One significant survivor of the cuts was the SPS collider programme—it had been that or the ISR, and the higher-energy machine was the obvious choice. Herwig was nevertheless in for a surprise. The project to convert CERN’s big machine into a collider had been taken before the changes ushered in in 1981, and as Herwig was to discover, it had had its own funding challenges. “When I became Director-General, I learned that this special programme had never been formally approved at the Council,” he recalled. The conversion of the SPS to a collider was carried out within CERN’s accelerator development programme, and the Council had not formally allocated resources for it.

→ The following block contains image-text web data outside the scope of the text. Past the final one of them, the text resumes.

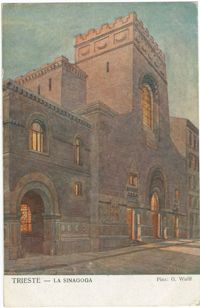 Trieste - La Sinagoga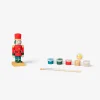 DIY wooden nutcracker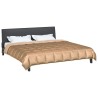 Duvet d'été simple Doré 200 x 220 cm Satin et Microfibre 512156512156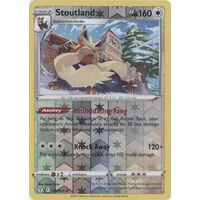 Stoutland 135/203 SWSH Evolving Skies Reverse Holo Rare Pokemon Card NEAR MINT TCG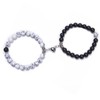 Okaywork Pack of 2 Magnetic Couples Bracelets, Partner Bracelets, Matching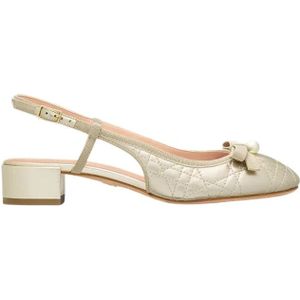 Dior, Dames, Schoenen, Geel, Maat: 36 1/2 EU Katoen,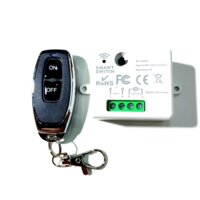 [MẠCH + REMOTE] Điều Khiển Từ Xa AC 220V 10A RF 433MHZ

A similar story was true for the experiments: two underground area (UA) experiments had been discussed in the scientific committees: UA1, under the direction of Carlo Rubbia, and UA2 with Pierre Darriulat as its spokesperson, but neither was fully funded. “When I came in Rubbia and Darriulat asked for more money to complete the equipment of these two experiments,” Herwig recalled. “There was no money for them in the budget, but certainly it was clear that these were key experiments, so we had to go on.” Herwig managed to eke out some funding for UA1 and UA2, with the Council’s blessing, but much of the funding for these flagship experiments was found outside the CERN budget. “This is very interesting because UA1 and UA2 are the first examples of two big collaborations at CERN that were partially financed through outside contributions,” he explained. “They became the prototypes of the big experiments at LEP and the LHC. Although they were formally under the direction of CERN, under the strong leadership of Rubbia and Darriulat, they achieved a certain independence.”

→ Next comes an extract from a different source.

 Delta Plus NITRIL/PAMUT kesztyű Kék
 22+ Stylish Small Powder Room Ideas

Data-taking at UA1 and UA2 began in 1981, and the following year the two experiments had clear signs of new particles. “Just before Christmas, Carlo Rubbia and Pierre Darriulat came to see me in my office, independently, and each showed me their data very confidentially,” said Herwig. “It was clear they both had evidence for the W.”

With the exception of the prime minister of one CERN member state, who had requested to be informed directly (see Section “A Prime Ministerial Visit”, In his own words: A prime ministerial visit) the world discovered the news through a CERN press release issued on 21 January 1983. Discovery of the Z boson followed in the summer. The following year, the discoveries of the carriers of the weak interaction were crowned with the award of the Nobel Prize to Carlo Rubbia and Simon van der Meer, the engineer whose invention of a technique known as stochastic cooling had made the endeavour possible. Stochastic cooling enabled beams to be stored in such a way as to increase the number of collisions dramatically.

Fig. 7.5
A photograph of a group of people sitting at a round table in a hall room. There are nameplates, microphones and documents on the table.

Herwig presides at the announcement of the discovery of the W boson in January 1983. He is flanked on his right by Carlo Rubbia and Simon van der Meer, and on his left by Erwin Gabathuler and Pierre Darriulat (©CERN, All rights reserved)

It is rare for a Nobel Prize in Physics to be awarded so soon after the research is conducted, and, with the prize going to a maximum of three individuals, increasingly rare for experimental physicists to be rewarded. UA1 and UA2 were both collaborations numbering dozens of researchers, but with a little help from Herwig, the Nobel committee found good reason to single out Rubbia and van der Meer.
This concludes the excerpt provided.